[[ Data shown, beginning ]]

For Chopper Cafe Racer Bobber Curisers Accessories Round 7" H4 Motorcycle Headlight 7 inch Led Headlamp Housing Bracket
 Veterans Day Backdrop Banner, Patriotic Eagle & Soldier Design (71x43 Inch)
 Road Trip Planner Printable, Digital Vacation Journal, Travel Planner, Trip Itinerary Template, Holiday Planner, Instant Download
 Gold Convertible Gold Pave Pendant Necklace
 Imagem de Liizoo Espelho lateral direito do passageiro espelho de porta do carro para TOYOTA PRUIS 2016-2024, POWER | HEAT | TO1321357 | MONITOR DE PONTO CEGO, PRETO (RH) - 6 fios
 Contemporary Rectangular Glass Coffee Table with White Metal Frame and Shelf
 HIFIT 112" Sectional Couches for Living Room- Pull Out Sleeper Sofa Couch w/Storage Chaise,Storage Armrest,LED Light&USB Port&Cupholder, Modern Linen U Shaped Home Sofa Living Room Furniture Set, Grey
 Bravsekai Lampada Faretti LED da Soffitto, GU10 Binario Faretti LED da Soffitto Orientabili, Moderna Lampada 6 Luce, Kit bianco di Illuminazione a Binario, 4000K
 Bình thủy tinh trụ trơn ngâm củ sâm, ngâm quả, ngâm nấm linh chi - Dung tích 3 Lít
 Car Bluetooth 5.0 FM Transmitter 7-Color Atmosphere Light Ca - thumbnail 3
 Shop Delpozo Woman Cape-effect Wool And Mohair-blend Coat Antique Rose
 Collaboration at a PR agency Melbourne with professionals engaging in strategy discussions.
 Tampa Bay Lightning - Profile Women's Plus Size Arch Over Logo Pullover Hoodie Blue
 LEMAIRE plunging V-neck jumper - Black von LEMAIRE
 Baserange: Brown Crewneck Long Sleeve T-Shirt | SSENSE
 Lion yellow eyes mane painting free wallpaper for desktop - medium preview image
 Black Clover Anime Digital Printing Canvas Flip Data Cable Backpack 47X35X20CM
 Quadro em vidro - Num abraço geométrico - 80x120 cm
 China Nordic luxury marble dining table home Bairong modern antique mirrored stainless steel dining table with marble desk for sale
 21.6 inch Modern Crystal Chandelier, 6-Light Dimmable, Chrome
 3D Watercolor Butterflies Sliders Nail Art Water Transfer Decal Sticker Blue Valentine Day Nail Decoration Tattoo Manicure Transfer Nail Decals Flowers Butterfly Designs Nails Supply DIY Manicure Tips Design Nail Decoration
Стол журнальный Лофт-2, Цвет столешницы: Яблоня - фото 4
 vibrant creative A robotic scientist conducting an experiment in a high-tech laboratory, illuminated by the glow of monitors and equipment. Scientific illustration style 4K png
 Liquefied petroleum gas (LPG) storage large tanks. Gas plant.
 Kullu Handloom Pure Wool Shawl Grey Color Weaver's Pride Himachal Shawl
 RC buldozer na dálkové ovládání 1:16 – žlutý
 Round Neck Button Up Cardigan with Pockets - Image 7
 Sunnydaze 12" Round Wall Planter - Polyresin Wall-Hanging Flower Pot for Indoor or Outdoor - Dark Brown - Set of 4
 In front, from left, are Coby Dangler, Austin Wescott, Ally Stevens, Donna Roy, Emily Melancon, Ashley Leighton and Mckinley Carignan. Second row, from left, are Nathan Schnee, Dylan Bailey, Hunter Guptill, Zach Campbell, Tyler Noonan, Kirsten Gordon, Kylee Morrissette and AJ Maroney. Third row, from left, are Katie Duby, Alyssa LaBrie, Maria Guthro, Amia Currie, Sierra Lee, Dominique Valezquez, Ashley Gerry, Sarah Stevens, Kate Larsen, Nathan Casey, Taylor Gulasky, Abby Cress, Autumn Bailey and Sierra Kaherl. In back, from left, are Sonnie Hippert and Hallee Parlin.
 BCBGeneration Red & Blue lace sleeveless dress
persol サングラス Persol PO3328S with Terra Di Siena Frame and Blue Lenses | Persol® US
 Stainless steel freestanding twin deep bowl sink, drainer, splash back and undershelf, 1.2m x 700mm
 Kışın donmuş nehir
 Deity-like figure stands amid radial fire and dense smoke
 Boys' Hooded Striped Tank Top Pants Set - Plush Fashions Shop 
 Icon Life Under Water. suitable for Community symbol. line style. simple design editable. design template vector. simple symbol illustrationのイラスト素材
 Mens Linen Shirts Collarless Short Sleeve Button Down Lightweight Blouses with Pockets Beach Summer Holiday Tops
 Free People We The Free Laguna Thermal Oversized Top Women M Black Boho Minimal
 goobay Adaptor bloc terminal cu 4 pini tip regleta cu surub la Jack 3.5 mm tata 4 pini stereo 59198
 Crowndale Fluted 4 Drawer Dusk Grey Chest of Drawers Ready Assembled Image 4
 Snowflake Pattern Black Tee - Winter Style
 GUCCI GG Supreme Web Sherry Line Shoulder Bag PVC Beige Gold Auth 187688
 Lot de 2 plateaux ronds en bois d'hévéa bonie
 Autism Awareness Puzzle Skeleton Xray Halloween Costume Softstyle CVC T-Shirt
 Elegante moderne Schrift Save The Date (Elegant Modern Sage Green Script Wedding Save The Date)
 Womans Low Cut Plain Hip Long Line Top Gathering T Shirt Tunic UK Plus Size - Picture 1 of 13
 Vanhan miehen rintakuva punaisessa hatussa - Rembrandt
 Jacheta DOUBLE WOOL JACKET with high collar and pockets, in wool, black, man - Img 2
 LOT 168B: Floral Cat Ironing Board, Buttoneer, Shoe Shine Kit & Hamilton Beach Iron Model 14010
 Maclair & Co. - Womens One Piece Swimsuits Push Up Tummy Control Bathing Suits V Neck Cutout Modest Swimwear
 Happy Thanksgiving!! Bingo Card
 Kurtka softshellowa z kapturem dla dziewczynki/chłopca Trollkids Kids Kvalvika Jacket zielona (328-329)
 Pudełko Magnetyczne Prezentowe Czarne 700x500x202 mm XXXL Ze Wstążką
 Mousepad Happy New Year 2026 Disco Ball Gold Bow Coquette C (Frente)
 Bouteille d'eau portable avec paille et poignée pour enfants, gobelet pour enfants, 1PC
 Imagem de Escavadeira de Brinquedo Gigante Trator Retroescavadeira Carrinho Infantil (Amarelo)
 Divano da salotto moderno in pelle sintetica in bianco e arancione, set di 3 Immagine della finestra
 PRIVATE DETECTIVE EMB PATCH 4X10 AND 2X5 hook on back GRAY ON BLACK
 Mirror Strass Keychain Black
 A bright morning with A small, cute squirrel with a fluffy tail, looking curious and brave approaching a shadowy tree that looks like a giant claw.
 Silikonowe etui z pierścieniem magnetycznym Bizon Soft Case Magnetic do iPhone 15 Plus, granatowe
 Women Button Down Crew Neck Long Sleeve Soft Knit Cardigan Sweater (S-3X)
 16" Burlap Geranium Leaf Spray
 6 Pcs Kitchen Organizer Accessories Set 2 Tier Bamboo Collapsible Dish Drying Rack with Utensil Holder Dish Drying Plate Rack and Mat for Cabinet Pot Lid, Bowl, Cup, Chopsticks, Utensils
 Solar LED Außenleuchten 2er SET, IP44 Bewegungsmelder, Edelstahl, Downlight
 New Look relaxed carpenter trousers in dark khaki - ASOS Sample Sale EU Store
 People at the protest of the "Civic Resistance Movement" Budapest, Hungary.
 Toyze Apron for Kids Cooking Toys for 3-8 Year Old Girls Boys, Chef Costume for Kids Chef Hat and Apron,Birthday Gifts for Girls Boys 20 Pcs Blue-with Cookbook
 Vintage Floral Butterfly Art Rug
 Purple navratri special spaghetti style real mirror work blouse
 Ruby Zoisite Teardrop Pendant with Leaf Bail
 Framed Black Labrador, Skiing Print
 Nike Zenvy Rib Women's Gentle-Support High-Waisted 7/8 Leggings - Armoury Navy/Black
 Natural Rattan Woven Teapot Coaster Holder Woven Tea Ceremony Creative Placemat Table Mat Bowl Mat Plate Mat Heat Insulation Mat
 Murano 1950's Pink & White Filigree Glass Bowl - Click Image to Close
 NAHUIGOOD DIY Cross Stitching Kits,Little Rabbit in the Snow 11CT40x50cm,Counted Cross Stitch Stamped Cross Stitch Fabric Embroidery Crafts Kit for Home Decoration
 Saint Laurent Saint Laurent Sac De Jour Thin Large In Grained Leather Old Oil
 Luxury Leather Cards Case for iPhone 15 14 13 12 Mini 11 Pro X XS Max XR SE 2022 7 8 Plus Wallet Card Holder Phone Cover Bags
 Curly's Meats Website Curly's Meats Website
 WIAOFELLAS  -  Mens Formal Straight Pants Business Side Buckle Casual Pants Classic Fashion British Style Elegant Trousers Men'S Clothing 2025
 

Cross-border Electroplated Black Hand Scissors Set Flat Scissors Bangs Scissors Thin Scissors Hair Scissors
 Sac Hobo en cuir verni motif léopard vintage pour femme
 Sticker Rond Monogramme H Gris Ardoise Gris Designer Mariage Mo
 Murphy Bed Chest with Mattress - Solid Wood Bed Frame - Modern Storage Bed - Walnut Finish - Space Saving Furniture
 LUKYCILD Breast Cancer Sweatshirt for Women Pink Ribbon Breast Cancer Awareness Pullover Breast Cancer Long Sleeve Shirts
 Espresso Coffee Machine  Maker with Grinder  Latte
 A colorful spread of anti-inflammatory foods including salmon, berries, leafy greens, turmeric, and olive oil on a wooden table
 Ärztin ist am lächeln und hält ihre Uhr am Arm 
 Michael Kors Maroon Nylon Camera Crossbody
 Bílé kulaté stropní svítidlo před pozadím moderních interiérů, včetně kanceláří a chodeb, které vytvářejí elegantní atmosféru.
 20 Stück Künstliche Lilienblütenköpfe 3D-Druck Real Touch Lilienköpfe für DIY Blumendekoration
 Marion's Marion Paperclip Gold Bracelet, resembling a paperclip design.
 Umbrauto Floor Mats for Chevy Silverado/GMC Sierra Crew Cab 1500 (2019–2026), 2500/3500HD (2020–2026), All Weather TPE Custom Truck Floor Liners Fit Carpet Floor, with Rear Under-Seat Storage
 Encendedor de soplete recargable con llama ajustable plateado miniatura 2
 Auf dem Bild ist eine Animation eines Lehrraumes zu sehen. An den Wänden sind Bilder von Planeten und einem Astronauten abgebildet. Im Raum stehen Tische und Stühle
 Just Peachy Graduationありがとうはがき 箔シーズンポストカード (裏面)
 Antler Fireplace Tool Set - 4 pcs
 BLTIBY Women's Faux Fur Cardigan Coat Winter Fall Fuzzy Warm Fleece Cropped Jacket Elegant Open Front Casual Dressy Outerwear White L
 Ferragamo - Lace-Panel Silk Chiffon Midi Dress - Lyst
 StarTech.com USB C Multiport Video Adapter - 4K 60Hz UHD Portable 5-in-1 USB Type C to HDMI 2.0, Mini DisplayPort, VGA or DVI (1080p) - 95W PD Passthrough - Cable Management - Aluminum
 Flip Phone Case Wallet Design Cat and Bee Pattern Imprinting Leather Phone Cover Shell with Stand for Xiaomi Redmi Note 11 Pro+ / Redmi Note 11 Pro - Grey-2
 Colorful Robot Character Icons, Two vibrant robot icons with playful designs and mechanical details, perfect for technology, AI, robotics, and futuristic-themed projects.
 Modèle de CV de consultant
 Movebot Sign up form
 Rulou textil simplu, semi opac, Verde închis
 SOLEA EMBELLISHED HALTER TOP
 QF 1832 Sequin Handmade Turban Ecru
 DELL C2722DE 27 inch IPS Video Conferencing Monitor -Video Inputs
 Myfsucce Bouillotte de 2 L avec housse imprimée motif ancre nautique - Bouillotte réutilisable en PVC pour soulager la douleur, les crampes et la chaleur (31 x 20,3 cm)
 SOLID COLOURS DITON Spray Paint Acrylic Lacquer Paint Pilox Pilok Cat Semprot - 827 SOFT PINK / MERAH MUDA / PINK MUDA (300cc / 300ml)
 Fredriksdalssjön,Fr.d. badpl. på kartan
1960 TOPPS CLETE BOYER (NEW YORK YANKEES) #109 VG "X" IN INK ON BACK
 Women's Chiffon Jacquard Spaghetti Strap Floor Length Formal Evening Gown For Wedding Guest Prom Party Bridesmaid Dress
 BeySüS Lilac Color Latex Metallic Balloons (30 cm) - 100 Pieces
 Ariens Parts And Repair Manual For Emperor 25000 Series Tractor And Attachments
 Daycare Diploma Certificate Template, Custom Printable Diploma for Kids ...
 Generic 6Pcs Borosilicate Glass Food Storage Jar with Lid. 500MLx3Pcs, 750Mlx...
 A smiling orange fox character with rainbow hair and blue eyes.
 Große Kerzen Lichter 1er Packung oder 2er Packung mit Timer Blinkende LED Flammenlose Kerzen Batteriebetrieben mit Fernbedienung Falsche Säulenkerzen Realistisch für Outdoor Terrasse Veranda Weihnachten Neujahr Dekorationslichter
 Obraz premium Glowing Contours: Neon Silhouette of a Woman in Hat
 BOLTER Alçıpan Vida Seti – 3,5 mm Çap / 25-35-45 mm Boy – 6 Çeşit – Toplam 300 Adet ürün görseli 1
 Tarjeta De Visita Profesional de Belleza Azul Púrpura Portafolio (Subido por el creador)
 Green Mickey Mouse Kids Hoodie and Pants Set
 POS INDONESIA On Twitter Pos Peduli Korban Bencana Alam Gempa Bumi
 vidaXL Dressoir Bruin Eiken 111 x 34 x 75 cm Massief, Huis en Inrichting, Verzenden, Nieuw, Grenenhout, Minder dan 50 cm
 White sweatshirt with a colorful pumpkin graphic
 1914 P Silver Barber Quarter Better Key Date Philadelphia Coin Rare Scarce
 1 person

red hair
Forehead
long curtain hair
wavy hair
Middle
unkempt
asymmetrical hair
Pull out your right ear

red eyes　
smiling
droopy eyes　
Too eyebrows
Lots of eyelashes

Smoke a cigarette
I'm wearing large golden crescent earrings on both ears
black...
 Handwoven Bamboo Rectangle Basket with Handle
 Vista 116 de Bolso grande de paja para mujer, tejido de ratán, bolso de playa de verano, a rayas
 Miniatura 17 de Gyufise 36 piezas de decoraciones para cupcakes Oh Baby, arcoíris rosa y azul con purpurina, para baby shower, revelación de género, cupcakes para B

[[ Data shown, end ]]

> **What to work on**
Return the span of lines in the data above that opens at the line with "DELL C2722DE 27" and closes at the line with "Myfsucce Bouillotte de", exactly, ends included, nothing else.

> **Problem solution**
 DELL C2722DE 27 inch IPS Video Conferencing Monitor -Video Inputs
 Myfsucce Bouillotte de 2 L avec housse imprimée motif ancre nautique - Bouillotte réutilisable en PVC pour soulager la douleur, les crampes et la chaleur (31 x 20,3 cm)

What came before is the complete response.